Я видел эти пьесы, поставленные в реалистическом духе, по Станиславскому. И, прибыв в Москву, очень волновался. Мне казалось, во всяком случае поначалу, что мы с Грановским не сработаемся. Я не привык доверять никому и ничему, он – самоуверен, ироничен. Но главное – он абсолютно не Шагал.

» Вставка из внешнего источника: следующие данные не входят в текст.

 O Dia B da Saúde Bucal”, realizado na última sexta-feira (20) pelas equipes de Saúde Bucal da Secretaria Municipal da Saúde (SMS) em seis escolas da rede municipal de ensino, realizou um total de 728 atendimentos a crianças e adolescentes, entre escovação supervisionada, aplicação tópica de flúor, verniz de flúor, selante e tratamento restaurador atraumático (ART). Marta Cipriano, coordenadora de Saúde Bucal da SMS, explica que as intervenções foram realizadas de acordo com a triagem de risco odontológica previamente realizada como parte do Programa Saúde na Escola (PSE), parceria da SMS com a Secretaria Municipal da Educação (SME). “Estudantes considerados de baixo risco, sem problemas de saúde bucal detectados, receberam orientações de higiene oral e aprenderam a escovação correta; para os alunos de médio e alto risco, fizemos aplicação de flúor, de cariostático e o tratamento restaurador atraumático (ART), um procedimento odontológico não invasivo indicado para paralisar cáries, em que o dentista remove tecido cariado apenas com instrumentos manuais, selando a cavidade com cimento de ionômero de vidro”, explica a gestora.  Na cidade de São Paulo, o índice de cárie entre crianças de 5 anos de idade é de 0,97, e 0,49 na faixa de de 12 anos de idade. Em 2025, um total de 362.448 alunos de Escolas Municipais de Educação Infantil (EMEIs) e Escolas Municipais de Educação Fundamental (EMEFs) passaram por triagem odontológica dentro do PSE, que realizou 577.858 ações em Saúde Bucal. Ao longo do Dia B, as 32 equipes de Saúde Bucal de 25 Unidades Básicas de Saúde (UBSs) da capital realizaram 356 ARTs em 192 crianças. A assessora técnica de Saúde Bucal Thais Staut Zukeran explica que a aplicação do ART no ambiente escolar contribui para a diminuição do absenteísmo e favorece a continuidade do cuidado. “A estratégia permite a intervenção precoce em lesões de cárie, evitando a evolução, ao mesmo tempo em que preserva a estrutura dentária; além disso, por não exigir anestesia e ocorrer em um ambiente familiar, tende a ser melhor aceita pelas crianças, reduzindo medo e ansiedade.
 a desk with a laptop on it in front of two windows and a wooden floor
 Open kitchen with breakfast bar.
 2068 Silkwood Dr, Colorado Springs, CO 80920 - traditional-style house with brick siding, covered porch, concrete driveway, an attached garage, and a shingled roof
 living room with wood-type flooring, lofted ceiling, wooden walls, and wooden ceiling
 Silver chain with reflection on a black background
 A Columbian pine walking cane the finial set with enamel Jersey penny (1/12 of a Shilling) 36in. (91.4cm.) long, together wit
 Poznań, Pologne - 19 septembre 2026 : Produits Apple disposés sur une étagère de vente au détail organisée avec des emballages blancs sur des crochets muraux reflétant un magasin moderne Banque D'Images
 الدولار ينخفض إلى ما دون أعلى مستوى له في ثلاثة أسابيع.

Мне предложили расписать стены для первого спектакля. «Отлично, – подумал я, – вот прекрасная возможность перевернуть старый еврейский театр, со всем этим реализмом, натурализмом, психологизмом и накладными бородами». И взялся за дело. Я надеялся, что, по крайней мере, несколько актеров Еврейского камерного театра и театра «Габима» (куда меня позвали оформлять спектакль «Диббук») сумеют понять новое искусство и откажутся от старых правил. Я сделал наброски. На одной стене я хотел в общем плане представить зрителям народный еврейский театр. На остальных стенах и на потолке будут клезмеры, свадебный шут, танцовщицы, переписчик Торы и влюбленная парочка, парящая над сценой, а рядом – всевозможные яства, пироги, фрукты, столы с угощением, и все это на фризе. Напротив – сцена, где играют актеры. Работа была трудная, я понемногу осваивался на новом месте. Грановский, похоже, находился в процессе перехода от Рейнхардта и Станиславского к чему-то еще. В моем присутствии он был каким-то рассеянным, задумчивым. Порой мне казалось, что я ему досаждаю. Так ли это? Не знаю, он никогда со мной не откровенничал. А я сам не заговаривал с ним о серьезных вещах. Эту стену отчуждения пробил актер Михоэлс, такой же изголодавшийся, как и я. Он часто подходил ко мне – глаза навыкате, крутой лоб, волосы дыбом, приплюснутый нос, пухлые губы – впечатляющее зрелище.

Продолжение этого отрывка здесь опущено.